The relatives delay the transplantation by saying that an organ from a Brahmin boy cannot be taken by a Muslim, as it is not religiously correct. They ask Jayanarayanan to become Muslim in order to give the organ. Jayanarayanan agrees on the conversion, as he badly needs money for the marriage.
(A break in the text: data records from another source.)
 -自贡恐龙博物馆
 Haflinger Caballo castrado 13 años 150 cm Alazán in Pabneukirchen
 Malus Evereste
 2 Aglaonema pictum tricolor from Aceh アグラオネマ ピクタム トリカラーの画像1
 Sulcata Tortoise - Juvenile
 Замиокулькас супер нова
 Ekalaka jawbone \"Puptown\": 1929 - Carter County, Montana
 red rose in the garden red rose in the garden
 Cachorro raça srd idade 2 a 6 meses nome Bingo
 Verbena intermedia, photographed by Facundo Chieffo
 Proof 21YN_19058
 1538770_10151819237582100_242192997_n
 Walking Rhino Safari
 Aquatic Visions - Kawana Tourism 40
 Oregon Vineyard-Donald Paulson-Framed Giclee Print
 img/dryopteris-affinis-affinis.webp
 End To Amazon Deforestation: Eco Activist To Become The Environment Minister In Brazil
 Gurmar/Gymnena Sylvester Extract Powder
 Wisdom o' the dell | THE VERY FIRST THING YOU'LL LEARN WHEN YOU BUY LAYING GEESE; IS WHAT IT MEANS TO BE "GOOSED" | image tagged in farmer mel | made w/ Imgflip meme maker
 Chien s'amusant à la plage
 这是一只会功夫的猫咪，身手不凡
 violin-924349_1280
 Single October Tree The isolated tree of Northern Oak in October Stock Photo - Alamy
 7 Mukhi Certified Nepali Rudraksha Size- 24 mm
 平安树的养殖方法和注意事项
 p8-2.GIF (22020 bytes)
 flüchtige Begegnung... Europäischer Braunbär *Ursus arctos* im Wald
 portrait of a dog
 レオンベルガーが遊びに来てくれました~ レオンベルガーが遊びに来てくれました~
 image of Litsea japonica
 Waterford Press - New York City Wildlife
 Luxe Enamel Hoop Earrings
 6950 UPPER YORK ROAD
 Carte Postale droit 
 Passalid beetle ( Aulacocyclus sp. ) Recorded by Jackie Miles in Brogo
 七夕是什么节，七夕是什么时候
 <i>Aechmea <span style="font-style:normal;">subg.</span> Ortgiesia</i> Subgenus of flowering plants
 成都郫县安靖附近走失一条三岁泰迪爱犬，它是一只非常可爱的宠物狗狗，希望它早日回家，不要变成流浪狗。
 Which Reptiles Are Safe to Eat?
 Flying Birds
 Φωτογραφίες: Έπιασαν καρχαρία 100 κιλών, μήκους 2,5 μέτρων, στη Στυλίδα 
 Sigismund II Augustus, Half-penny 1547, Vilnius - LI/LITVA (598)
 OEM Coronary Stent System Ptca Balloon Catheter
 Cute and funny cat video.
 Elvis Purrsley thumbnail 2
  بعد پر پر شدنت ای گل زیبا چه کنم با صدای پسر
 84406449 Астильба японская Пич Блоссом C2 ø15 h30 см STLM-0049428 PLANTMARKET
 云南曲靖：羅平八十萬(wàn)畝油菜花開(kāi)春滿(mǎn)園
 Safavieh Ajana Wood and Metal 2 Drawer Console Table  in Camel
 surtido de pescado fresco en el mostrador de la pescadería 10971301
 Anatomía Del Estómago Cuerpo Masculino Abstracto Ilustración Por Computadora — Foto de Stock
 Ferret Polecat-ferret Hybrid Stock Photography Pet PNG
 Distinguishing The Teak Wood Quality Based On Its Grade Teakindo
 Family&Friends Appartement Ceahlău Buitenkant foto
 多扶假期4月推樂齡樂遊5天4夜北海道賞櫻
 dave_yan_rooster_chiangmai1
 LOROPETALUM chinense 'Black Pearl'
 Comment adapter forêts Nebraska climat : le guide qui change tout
In the end, Lal is no longer alive when Jayanarayanan comes to Lal's home soon after converting to Islam. However, in a twist, it is shown that before Lal died, he had already given a cheque to his servant to hand over to Jayanarayanan for the financial toll his marriage took.

==Cast==
- Unni Mukundan as Jayanarayanan
- Lal as Haajiyar
- Meera Nandan as Anjali
- Praveena as Deepa
- Irshad
- Mamukoya
- Sudheesh
- Swasika
- Balachandran Chulllikad
- Maala Parvathi
- Master Kashi

==Accolades==
- Kerala State Film Award
- 2016: Best Story - Hari Kumar

- 11th Habitat International Film Festival, New Delhi
- 2016: Screening

- International Film Festival of Kerala
- 2015: Screening

==Plagiarism allegation==
In 2016, Hari Kumar won the Kerala State Film Award for Best Story. However, following the award announcement, screenwriter Najeem Koya alleged that Kumar had plagiarized his story, which he had shared with him in 2013. According to Koya, Kumar had signed an agreement to credit him and provide ₹25,000 as remuneration after a complaint was filed with FEFKA. Kumar denied the allegations, asserting that the story was "101 percent" his own. He acknowledged that Koya had shared a "gist" with him during a brief encounter lasting two minutes. Kumar added that "we reached a compromise and I promised that I would give him the concept credit. Is it possible for a person to narrate a story in one minute?".